Start at the line with "Saint Laurent Suede" and print every line through the end of the material below. Keep it exact and free of pictures.

** Recorded data follows **

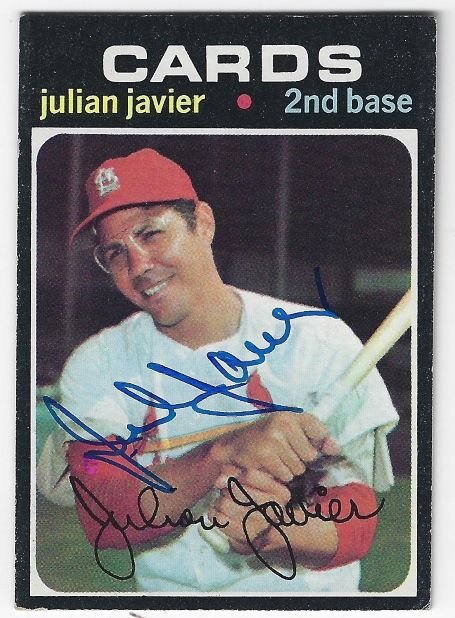 Autographed JULIAN JAVIER St. Louis Cardinals 1971 Topps  Card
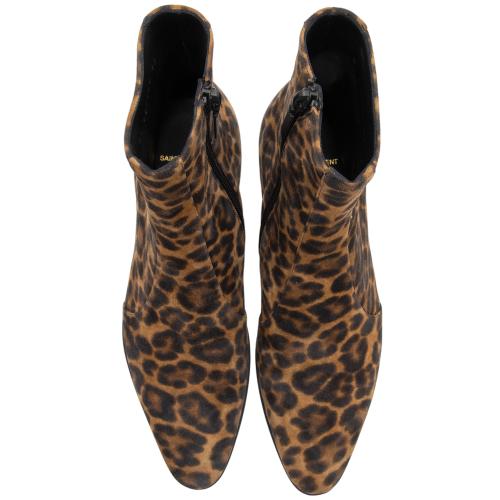 Saint Laurent Suede Leopard Print Vassili Boots - Size 6 / 36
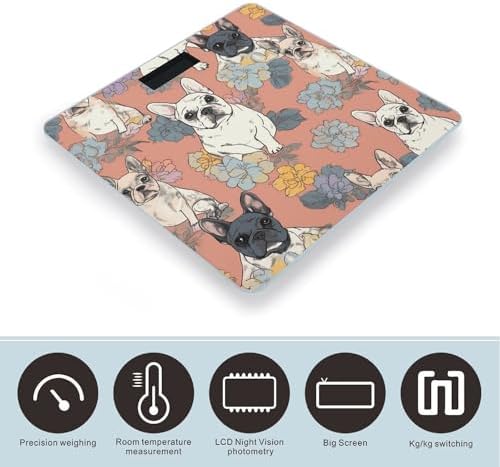 French Bulldog Print Scale for Body Weight Highly Accurate Digital Bathroom Body Scale Bright LCD Display & Large Clear Numbers Tempered Glass Safe Rounded Corners for Home Use
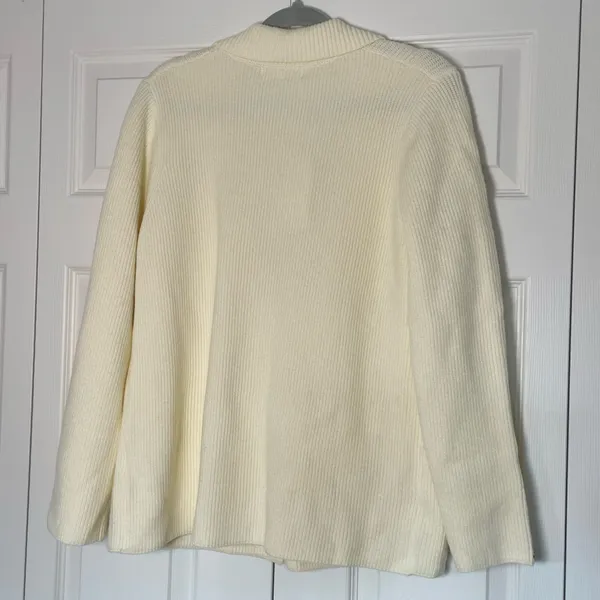 NWT Grace Karin Cream Knit Blazer Cardigan L - Image 4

** End of Recorded data **

• Answer space:
 Saint Laurent Suede Leopard Print Vassili Boots - Size 6 / 36
 French Bulldog Print Scale for Body Weight Highly Accurate Digital Bathroom Body Scale Bright LCD Display & Large Clear Numbers Tempered Glass Safe Rounded Corners for Home Use
 NWT Grace Karin Cream Knit Blazer Cardigan L - Image 4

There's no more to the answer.